As a onetime newspaper reporter myself--one who reached his 40th birthday nearly 14 years ago--I find all this quite depressing. But until today there burned within me one tiny flicker of hope. The journalism-analysis complex, for all its gum-beating pomposity, did perform one useful function. It furnished readers. I mean, Christ, somebody's gotta read this stuff, right? And if it isn't going to be ordinary citizens, why not let it be a corps of professional chin-pullers? Beggars can't be choosers!
That final hope is dashed by an Oct. 17 press release from the Pew Research Center's Project For Excellence in Journalism. It announces a new study about media coverage of the presidential candidates. What interested me wasn't Pew's findings, which were predictable--Rick Perry and then Herman Cain got favorable coverage, Obama got dumped on, yadda yadda--but rather its method. The study, we learned, "combines PEJ's ongoing weekly content analysis with computer algorithmic technology developed by Crimson Hexagon. The report introduces a new research tool for the Pew Research Center...." That got me to look at the report itself. Apparently Pew had a team of human researchers cull all the campaign coverage from 62 news-media outlets. Then, "to assess the tone of the coverage," the humans "conducted a tone analysis and then 'trained' the algorithm to follow the same rules they had themselves." Instead of 62 outlets Crimson Hexagon's algorithm gobbled up coverage and commentary from 11,500 news outlets. Then it did the same for "hundreds of thousands of blogs." (Facebook and Twitter feeds were excluded because the commentaries there were deemed too brief and often an echo chamber for existing blog or news content, but I'm sure they'll be included eventually too.)

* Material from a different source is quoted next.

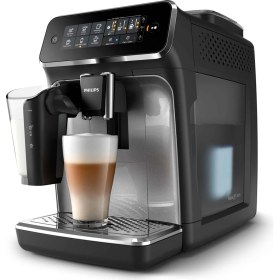 Resim Philips EP3246/70 Tam Otomatik Espresso Makinesi - Siyah - 230 Watt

Apparently the journalism-analysis-industrial complex, following the well-worn path of other industrial complexes, is replacing human readers with automated ones. Henceforth journalists who earn their pay writing for the Miami Herald and the Boston Globe (not to mention the New Republic) can look forward to serving a readership made up entirely of machines. These machines will produce interpretive reports that will be read, I guess, by other machines. Advertising agencies will devise ad campaigns deemed appealing to machines. What kind of Scotch do bots like? I guess we'll find out. Eventually bots will be making pissed-off phone calls to circulation departments demanding to know why the goddamned bot that delivers the morning paper keeps throwing it into the rose bushes instead of onto the front porch. Other bots will write letters to the editor proposing that Ray Kurzweil's birthday be made a national holiday. But I guess we human journalists don't have to worry too much about any of this because by then we will have been replaced by androids. Maybe they'll have some better ideas about how to revive the Newspaper Guild.